§ **Aim of the task**
The lines below starting at the line containing "j5create USB4® 40Gbps" and ending at the line containing "Sale Pillow Covers" are to be repeated exactly, with both ends kept and nothing else added.
Provided entries below:
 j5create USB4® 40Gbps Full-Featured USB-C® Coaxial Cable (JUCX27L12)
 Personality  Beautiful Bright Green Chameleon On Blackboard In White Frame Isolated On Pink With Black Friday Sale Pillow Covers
End of Provided entries.
Provided entries below:
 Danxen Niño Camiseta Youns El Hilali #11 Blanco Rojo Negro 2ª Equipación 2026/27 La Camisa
End of Provided entries.
§ **Solution for this exercise**
 j5create USB4® 40Gbps Full-Featured USB-C® Coaxial Cable (JUCX27L12)
 Personality  Beautiful Bright Green Chameleon On Blackboard In White Frame Isolated On Pink With Black Friday Sale Pillow Covers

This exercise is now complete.